EXERCISE REQUIREMENTS: Only the lines from the one containing "Black Nylon Two Pocket Coat" to the end of the listing below should be returned, exactly as written and without pictures.

INPUT DATA:
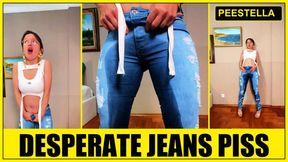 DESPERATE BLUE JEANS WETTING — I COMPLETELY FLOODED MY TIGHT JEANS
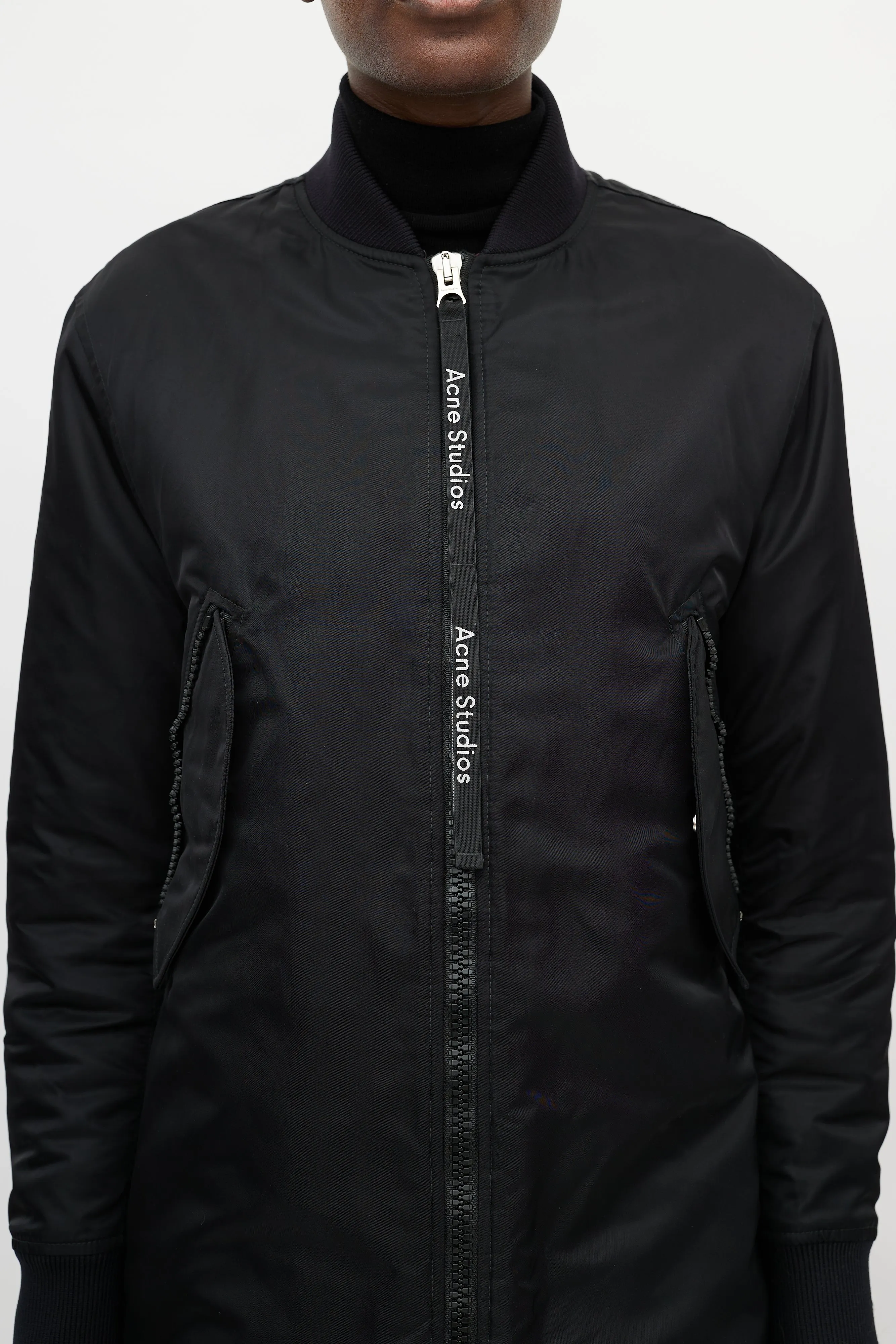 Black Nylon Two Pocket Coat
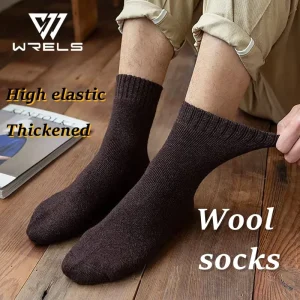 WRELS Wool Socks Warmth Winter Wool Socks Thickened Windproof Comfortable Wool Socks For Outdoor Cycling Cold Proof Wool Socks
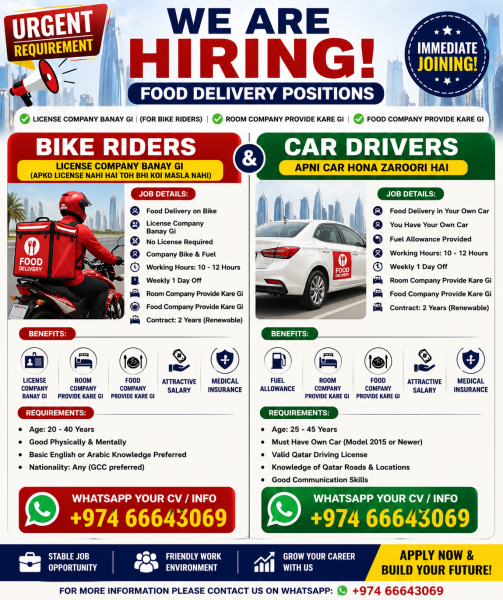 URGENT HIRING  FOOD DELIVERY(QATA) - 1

ANSWER FOR THE TASK:
 Black Nylon Two Pocket Coat
 WRELS Wool Socks Warmth Winter Wool Socks Thickened Windproof Comfortable Wool Socks For Outdoor Cycling Cold Proof Wool Socks
 URGENT HIRING  FOOD DELIVERY(QATA) - 1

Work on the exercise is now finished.